14 Şubat 1986’da İstanbul’da vefat eden Süheyl Ünver’in bugün vefatının 39. yıl dönümüdür. T.C. Cumhurbaşkanlığı 2016 Yılı Kültür ve Sanat Büyük Ödül’üne layık görülen Ünver, kentimizde bir üniversite kurulmasını başarmak için çaba harcamanın yanında kentin birçok kültür mirasının korunması ve ayakta kalmasını sağlarken kültür hayatımıza kazandırdığı araştırmalarıyla da Edirne’yi bizlere öğretmiş, “Edirne Kültür Aşısı”nı bizlere aşılamak için gayret göstermiştir. Ancak biz ne yazık ki, bu Edirne Sevdalısı kültür insanına “Edirne Hemşehrilik Beratı” ile onurlandırmayı başaramadık. O bizleri Edirne’nin kültür yolunda bilgiyle yürümemizi sağladı. Ancak bugüne kadar hiçbir belediye başkanı bu hemşehrililik beratı ile kendisini onurlandırmayı önerilerimize rağmen düşünemedi.
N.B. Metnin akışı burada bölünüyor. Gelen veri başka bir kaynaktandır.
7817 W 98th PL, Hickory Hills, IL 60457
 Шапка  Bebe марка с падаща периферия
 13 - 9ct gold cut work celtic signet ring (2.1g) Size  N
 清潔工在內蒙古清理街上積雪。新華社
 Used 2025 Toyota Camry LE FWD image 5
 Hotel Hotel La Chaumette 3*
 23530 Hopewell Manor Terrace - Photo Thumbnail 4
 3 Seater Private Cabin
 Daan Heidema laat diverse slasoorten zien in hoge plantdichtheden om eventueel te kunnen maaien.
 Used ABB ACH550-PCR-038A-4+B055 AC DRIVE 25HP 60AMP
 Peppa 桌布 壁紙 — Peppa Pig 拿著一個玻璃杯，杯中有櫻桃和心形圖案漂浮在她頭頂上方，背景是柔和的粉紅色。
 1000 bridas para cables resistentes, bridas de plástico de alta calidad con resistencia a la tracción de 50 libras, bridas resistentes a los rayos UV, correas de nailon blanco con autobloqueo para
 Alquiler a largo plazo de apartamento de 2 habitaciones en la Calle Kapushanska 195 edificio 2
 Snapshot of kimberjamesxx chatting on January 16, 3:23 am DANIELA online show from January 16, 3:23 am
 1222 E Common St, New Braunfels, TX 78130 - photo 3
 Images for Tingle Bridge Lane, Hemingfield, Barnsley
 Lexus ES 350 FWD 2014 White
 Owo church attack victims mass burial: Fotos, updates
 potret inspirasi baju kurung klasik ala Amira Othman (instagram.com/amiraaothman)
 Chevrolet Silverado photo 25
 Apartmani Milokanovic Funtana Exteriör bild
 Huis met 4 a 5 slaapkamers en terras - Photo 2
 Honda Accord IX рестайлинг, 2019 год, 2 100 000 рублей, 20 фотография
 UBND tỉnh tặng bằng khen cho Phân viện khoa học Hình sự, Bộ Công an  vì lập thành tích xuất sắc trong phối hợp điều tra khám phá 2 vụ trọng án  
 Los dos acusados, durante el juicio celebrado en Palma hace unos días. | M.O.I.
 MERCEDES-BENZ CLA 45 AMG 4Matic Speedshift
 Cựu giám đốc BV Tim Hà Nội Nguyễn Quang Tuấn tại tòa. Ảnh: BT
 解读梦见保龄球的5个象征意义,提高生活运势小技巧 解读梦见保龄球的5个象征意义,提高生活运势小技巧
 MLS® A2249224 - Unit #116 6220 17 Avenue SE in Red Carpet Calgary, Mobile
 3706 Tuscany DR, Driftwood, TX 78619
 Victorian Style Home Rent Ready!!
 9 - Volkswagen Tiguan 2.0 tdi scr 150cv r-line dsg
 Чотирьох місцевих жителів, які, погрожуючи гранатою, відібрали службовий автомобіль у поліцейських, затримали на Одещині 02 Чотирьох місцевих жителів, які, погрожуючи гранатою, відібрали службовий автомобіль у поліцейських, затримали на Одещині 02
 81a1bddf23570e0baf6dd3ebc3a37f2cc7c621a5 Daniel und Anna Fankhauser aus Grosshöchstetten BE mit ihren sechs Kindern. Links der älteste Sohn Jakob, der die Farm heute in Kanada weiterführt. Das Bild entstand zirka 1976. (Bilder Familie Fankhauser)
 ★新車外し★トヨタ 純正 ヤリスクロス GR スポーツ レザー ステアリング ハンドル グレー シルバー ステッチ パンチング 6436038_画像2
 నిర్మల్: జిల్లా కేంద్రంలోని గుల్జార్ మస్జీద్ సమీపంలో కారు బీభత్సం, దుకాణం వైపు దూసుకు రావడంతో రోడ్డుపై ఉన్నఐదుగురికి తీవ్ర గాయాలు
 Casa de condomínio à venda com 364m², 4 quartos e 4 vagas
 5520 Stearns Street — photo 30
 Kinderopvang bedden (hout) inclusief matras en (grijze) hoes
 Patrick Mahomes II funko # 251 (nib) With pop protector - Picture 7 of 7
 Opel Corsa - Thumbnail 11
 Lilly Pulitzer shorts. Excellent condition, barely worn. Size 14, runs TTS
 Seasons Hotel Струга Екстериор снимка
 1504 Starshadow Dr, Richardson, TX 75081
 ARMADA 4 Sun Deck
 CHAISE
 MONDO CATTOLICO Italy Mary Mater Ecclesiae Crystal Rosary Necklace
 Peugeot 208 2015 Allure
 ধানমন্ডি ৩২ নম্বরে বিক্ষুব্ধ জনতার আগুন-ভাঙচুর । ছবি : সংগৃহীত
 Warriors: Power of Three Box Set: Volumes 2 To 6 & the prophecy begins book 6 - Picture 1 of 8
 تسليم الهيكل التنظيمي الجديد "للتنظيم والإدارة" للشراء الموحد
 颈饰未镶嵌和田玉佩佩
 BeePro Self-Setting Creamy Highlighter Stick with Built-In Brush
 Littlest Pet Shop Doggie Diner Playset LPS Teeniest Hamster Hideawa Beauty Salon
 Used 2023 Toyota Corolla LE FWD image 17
Rahmetli A.Süheyl Ünver’in Edirne ile ilgili araştırmalarını geleceğe taşımak ve çalışmalarını bir kitapta toplamak amacıyla “Ord.Prof.Dr.A.Süheyl Ünver’in Kaleminden Edirne” adıyla bir kitabı hazırlayarak hiperyayın tarafından kültür hayatımıza kazandırılmasını sağladım. Dergi ve kitaplarındaki Edirne ile ilgili satırları kentin ruhunu yaşayarak okurken, kah heyecanlandım, kah duygulandım…
Vefatının ölüm yıl dönümünde dileğim odur ki; kendisi adına kızına “Edirne’nin Hemşehrilik Beratı”nın verilmesi üniversitemizde adına bir kürsü kurulmasıdır.